The doctors did their best for him. He was bled, he was purged, he was made to take warm baths. Nothing did any good. The symptoms were physical, no doubt; but their cause was to be sought, not in the patient’s corrupted blood and peccant humours, but in his mind.
That mind had ceased to be possessed. The struggle was no longer between Leviathan and a soul that, in spite of him, was tranquilly conscious of the presence of God. It was between a certain notion of God and a certain notion of nature, with Surin’s divided spirit fighting on both sides and getting the worst of every encounter.
That the infinite must include the finite and must therefore be totally present at every point of space, every instant of time, seems sufficiently evident. To avoid this obvious conclusion and to escape its practical consequences, the older and more rigorous Christian thinkers expended all their ingenuity, the severer Christian moralists all their persuasions and coercions.
This is a fallen world, proclaimed the thinkers, and nature, human and subhuman, is radically corrupt. Therefore, said the moralists, nature must be fought on every front—suppressed within, ignored and depreciated without.

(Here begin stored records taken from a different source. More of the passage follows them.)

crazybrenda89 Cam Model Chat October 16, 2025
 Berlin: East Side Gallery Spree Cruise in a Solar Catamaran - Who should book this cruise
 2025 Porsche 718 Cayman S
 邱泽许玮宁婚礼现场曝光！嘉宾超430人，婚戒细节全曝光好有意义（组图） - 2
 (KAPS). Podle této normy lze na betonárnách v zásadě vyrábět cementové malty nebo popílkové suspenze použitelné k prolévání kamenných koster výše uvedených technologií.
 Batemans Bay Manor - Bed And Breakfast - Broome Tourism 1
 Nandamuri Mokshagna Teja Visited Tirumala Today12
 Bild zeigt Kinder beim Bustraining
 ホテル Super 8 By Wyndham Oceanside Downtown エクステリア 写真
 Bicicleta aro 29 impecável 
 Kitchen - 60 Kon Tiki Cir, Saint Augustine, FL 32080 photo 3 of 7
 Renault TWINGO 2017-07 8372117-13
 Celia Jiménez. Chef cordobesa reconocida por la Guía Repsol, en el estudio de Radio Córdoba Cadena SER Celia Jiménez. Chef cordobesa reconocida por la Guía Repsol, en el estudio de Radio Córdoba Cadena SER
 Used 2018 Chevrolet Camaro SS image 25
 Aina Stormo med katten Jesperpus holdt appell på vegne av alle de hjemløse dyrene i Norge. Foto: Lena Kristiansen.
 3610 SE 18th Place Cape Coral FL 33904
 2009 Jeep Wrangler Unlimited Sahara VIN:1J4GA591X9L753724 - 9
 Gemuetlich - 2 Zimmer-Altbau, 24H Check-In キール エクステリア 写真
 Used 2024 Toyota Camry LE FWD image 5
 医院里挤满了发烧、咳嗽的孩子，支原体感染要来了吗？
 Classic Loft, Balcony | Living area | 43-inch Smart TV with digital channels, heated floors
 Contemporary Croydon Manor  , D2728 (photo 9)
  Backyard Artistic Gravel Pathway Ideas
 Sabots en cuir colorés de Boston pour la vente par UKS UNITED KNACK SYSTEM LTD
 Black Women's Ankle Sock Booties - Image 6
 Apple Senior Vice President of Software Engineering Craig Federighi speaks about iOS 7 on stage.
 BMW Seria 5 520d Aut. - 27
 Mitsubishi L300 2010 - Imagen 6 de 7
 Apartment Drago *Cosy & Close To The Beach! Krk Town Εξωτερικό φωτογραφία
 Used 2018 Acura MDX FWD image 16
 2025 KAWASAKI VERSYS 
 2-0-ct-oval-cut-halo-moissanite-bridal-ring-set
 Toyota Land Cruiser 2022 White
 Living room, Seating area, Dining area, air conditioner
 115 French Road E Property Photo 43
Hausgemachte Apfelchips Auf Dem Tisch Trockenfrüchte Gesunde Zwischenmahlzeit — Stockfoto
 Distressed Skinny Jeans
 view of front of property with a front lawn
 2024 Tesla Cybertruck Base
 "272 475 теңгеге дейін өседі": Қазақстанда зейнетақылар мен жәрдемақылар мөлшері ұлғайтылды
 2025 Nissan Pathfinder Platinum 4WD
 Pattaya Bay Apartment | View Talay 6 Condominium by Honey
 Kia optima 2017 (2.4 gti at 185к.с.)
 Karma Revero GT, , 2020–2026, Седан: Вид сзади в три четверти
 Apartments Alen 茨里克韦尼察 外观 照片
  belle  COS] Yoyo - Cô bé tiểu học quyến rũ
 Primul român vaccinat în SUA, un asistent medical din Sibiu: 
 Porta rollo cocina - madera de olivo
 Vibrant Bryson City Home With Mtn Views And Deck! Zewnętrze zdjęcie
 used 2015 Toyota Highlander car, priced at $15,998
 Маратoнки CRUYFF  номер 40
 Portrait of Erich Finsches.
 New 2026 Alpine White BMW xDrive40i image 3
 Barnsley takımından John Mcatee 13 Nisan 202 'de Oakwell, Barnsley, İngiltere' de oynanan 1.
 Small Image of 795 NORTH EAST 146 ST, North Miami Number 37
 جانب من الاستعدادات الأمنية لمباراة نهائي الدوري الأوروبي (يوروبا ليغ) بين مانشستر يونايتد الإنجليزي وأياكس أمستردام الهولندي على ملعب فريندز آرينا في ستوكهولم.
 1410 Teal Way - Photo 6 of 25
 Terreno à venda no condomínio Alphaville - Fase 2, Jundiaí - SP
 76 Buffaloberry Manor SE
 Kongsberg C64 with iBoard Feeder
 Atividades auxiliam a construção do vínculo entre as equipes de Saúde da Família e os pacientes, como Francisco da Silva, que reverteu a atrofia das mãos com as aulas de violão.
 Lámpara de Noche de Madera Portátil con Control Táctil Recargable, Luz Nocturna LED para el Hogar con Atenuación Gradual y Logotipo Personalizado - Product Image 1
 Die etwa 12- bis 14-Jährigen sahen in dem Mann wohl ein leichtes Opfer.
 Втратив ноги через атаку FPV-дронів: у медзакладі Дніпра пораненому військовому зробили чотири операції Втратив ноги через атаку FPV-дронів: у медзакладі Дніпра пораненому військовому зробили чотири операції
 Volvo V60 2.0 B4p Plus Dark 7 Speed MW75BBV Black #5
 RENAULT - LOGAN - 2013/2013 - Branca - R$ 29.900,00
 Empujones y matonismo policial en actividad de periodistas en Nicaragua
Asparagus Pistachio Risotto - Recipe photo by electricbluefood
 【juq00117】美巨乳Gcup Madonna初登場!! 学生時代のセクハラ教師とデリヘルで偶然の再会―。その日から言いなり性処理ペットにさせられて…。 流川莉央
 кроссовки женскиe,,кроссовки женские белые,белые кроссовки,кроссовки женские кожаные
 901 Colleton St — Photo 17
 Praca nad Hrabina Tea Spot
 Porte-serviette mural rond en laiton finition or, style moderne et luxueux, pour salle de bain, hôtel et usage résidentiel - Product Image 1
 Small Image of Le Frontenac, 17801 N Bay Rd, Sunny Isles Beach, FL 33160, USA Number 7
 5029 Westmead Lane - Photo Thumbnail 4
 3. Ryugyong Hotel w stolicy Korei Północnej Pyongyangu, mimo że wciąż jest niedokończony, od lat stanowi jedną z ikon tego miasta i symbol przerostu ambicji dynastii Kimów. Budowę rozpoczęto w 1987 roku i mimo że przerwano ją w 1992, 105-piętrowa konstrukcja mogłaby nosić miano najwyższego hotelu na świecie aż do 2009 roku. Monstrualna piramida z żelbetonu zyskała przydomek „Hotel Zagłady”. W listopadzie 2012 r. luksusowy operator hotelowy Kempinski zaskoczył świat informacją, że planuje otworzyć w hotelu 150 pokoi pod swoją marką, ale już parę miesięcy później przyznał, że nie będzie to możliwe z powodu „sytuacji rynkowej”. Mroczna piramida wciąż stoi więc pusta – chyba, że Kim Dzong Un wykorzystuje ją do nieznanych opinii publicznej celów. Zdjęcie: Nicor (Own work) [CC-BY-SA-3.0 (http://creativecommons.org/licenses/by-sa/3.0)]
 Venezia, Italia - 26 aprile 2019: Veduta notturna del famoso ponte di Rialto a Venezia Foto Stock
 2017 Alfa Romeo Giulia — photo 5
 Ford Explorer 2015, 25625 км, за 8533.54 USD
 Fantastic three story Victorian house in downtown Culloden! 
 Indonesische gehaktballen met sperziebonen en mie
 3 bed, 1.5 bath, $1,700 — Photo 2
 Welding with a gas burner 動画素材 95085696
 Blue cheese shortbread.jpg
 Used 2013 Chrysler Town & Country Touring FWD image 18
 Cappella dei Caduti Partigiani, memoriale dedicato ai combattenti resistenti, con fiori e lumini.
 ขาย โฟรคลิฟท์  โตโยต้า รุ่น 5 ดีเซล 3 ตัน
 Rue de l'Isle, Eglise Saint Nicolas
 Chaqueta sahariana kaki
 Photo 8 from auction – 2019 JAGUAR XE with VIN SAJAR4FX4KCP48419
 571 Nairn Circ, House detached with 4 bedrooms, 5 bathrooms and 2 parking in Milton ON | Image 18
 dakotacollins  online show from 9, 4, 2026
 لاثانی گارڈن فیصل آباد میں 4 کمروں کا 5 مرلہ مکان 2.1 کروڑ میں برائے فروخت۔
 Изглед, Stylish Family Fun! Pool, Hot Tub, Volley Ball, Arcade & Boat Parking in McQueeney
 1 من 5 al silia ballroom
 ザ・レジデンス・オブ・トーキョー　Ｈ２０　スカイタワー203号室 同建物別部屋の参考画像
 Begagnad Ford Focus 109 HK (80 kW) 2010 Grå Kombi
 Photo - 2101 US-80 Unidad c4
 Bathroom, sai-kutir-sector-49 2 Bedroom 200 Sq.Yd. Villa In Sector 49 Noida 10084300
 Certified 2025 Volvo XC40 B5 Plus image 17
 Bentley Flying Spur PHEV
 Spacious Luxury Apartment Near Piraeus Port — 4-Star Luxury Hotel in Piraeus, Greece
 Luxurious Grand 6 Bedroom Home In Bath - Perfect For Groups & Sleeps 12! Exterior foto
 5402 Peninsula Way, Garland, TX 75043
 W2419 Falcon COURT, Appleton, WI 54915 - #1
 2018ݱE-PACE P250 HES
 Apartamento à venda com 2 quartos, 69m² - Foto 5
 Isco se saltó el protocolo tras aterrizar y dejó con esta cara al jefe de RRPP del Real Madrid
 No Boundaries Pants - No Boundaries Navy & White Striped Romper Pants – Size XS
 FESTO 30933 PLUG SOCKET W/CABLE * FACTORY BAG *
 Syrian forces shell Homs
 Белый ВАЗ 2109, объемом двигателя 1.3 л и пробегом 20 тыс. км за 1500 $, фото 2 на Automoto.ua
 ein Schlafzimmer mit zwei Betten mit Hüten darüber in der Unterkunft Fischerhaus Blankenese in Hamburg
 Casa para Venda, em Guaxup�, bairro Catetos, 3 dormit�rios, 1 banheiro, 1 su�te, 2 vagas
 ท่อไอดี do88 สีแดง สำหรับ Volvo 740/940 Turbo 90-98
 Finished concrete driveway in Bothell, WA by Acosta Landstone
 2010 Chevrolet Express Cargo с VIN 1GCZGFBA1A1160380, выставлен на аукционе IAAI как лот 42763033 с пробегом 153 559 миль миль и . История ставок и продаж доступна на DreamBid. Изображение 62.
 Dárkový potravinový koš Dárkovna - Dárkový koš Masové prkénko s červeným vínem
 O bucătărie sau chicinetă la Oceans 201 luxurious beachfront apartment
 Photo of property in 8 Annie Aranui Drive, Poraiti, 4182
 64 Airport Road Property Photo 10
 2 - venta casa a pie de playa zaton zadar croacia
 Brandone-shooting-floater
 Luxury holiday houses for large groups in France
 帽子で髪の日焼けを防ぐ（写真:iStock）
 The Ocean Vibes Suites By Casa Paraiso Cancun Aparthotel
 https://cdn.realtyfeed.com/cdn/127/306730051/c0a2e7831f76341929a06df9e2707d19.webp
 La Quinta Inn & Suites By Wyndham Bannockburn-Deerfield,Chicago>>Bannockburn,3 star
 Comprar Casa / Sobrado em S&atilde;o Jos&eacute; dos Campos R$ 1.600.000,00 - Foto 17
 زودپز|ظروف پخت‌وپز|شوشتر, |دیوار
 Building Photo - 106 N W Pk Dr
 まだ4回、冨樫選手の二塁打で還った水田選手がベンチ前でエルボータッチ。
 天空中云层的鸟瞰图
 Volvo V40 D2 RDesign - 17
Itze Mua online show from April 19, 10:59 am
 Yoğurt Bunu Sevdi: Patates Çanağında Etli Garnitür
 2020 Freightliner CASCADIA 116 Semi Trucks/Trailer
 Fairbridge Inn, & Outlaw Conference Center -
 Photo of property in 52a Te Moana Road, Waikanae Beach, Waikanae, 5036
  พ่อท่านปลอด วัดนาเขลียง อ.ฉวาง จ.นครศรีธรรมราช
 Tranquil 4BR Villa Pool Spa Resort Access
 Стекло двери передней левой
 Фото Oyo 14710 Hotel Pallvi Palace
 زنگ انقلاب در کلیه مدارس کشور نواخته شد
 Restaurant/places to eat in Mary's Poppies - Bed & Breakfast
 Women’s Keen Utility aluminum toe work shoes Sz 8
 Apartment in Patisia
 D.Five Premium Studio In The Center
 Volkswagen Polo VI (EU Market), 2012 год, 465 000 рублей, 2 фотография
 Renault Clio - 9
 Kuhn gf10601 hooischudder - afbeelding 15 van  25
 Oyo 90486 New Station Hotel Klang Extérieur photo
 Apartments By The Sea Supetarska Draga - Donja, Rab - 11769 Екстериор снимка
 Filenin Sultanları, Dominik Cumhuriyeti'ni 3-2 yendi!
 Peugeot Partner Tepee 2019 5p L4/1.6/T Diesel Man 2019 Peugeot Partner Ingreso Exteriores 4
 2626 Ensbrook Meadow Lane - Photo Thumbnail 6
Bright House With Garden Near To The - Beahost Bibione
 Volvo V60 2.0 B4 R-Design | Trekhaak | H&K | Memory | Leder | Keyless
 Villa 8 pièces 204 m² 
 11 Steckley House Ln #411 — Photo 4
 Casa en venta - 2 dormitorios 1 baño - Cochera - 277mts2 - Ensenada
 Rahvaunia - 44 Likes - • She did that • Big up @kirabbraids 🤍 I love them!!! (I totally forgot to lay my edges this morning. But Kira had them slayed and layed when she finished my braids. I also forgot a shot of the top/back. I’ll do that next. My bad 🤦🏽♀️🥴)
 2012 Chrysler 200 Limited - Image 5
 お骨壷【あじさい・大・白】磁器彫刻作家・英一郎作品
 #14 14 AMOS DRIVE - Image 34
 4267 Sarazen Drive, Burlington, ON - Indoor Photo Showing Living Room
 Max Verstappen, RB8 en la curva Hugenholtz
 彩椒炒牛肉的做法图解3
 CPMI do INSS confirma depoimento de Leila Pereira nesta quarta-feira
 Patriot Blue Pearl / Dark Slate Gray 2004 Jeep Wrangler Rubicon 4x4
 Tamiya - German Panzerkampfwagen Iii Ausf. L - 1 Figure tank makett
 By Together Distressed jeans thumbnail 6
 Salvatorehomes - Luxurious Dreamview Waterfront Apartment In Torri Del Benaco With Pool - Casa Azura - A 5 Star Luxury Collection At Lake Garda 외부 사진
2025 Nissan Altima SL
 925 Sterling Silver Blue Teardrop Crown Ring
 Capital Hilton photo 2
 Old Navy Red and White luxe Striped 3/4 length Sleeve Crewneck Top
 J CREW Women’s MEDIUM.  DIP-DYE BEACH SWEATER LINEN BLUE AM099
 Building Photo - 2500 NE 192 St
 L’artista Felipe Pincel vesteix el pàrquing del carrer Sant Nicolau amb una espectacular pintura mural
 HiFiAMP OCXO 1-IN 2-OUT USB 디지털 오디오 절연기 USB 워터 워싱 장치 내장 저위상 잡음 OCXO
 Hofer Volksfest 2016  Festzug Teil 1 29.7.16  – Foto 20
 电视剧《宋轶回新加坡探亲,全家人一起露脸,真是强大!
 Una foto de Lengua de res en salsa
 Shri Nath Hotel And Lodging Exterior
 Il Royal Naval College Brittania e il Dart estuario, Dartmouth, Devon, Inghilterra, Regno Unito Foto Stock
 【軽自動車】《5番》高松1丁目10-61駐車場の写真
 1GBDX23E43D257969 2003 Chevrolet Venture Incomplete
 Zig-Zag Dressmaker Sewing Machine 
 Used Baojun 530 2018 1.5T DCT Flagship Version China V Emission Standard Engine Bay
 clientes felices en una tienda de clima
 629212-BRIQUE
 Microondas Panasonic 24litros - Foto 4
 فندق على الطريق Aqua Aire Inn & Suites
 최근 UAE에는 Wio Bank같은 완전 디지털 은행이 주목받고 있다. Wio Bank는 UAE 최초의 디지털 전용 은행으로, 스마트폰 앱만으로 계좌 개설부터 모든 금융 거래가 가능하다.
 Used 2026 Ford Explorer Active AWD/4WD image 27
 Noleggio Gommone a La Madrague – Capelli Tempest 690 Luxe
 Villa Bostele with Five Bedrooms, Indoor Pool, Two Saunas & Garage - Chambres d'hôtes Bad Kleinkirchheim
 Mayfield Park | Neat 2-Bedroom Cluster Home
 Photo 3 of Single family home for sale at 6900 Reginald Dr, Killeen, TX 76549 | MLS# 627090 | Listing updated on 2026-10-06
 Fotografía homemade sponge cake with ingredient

But it is only through the
datum
of nature that we can hope to receive the
donum
of Grace. It is only by accepting the given,
as it is given
, that we may qualify for the Gift. It is only through the facts that we can come to the primordial Fact. “Do not hunt after the truth,” advises one of the Zen masters, “only cease to cherish opinions.” And the Christian mystics say substantially the same thing—with this difference, however, that they have to make an exception in favour of the opinions known as dogmas, articles of faith, pious traditions and the like. But at best these are but signposts; and if we “take the pointing finger for the Moon,” we shall certainly go astray. The Fact must be approached through the facts; it cannot be known by means of words, or by means of phantasies inspired by words. The heavenly kingdom can be made to come
on earth
; it cannot be made to come in our imagination or in our discursive reasonings. And it cannot come even on earth, so long as we persist in living, not on the earth as it is actually given, but as it appears to an ego obsessed by the idea of separateness, by cravings and abhorrences, by compensatory phantasies and by ready-made propositions about the nature of things. Our kingdom must go before God’s can come. There must be a mortification, not of nature, but of our fatal tendency to set up something of our own contriving in the place of nature. We have to get rid of our catalogue of likes and dislikes, of the verbal patterns to which we expect reality to conform, of the fancies into which we retire, when the facts do not come up to our expectation. This is the “holy indifference” of St. François de Sales; this is de Caussade’s “abandonment,” the conscious willing, moment by moment, of what actually happens; this is that “refusal to prefer” which, in Zen phraseology, is the mark of the Perfect Way.